#  Other Applications & Softwares  > Word Formatting & General >  >  Mail Merge to email - can I send to Drafts folder in Outlook to edit BEFORE sending?

## trstew

I setup a mail merge to Outlook thinking I'd be able to edit the messages _before_ they sending, as I need to copy different info (from a list in Excel) to each one. But once I click the last OK, they're gone - no chance to edit. Is there some way to send the merged emails to the drafts folder so I can edit each one, then send? (I thought I'd ask just in case there actually is a way around direct email send)...

----------


## macropod

Mailmerges only ever send their output direct to your outbox. If you can configure Outlook to work Offline, the messages should sit there until you send them.
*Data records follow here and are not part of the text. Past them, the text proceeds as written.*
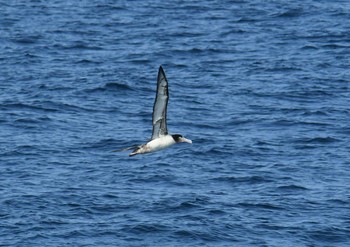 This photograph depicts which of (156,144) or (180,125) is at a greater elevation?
(156,144)

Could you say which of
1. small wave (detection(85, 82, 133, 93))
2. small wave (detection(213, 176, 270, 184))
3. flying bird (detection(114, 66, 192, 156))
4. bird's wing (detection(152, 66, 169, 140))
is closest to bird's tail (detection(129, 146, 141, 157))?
flying bird (detection(114, 66, 192, 156))

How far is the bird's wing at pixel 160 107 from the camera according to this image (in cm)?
2869

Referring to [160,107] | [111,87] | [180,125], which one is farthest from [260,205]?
[111,87]

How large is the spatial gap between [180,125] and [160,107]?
21.8m

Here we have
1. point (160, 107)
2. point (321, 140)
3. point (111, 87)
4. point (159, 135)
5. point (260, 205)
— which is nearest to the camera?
point (160, 107)

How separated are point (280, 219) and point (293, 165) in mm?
5769

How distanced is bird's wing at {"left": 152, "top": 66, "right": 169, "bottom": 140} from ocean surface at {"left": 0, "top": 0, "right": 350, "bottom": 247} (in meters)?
9.24

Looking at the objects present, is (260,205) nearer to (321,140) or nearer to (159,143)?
(321,140)

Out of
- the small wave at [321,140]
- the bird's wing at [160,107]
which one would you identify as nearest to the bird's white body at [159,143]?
the bird's wing at [160,107]

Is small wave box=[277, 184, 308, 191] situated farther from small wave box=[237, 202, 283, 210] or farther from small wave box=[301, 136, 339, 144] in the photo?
small wave box=[301, 136, 339, 144]

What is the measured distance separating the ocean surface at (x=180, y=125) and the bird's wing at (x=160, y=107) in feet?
30.3

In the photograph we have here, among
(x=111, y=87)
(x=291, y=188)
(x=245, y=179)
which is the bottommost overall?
(x=291, y=188)

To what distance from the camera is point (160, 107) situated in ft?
97.5

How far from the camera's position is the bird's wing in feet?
94.1
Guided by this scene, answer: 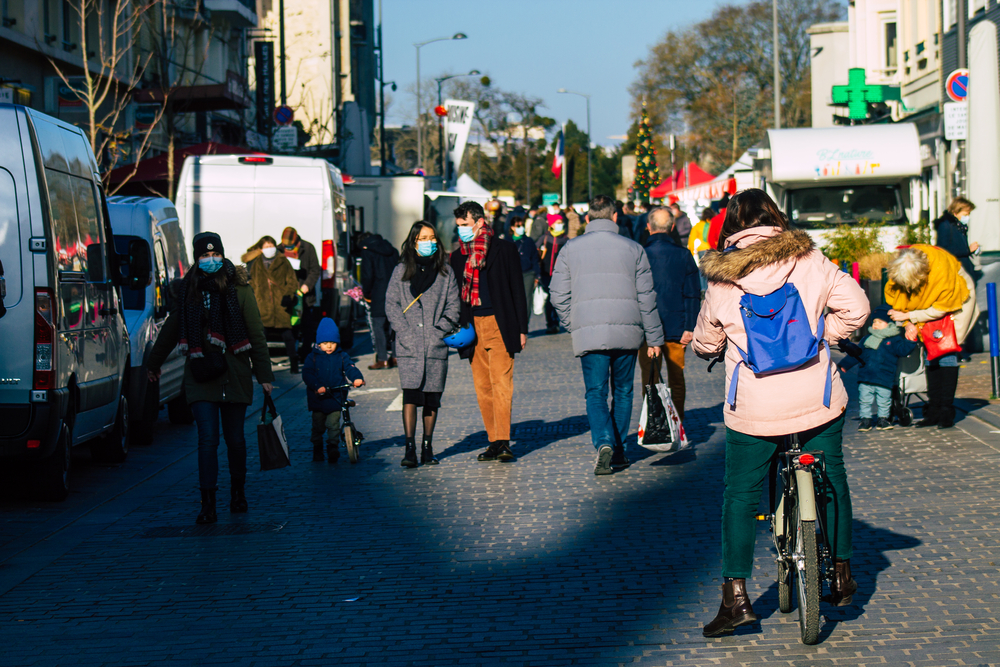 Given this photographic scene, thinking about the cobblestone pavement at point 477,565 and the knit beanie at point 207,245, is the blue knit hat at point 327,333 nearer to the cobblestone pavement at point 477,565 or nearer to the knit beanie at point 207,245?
the cobblestone pavement at point 477,565

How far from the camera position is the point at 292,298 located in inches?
631

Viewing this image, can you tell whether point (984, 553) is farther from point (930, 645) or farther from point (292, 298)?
point (292, 298)

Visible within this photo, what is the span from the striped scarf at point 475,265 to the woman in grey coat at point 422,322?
0.30 ft

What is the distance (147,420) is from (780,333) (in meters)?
7.54

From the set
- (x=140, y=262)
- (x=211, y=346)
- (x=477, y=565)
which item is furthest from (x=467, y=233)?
(x=477, y=565)

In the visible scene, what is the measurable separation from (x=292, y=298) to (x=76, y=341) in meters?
7.50

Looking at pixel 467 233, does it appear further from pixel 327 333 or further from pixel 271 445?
pixel 271 445

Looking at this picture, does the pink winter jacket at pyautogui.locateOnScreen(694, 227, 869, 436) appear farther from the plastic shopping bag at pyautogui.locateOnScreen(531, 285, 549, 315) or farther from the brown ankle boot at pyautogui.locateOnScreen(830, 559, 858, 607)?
the plastic shopping bag at pyautogui.locateOnScreen(531, 285, 549, 315)

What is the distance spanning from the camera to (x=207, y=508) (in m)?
7.71

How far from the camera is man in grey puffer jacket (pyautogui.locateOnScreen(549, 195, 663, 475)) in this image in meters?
8.88

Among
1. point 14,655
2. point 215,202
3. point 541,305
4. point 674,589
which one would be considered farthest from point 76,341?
point 541,305

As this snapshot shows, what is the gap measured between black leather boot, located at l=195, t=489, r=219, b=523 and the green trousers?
3714 mm

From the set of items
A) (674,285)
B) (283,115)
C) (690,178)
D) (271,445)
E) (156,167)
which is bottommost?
(271,445)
You should be able to drag them from there to your Drafts folder for editing prior to sending.

----------


## trstew

Thanks, I hadn't considered working offline... now that I have 20 individual emails setup, is there a way to edit those for the next mailing (minor changes to each) as a group, or do I really have to edit each email separately?? I suppose I'm just trying to find the best way to edit a group of emails (not exactly an Outlook whiz)... (Because I have different data from Excel in each email, I thought it would be easier to make the same edits to the body of each email, rather than re-merging, then having to individually copy the Excel data to each)

----------


## macropod

You'll have to edit each output email individually. Perhaps you should consider modifying the mailmerge main document to tailor each email to say what you want instead of trying to edit them after the event.

----------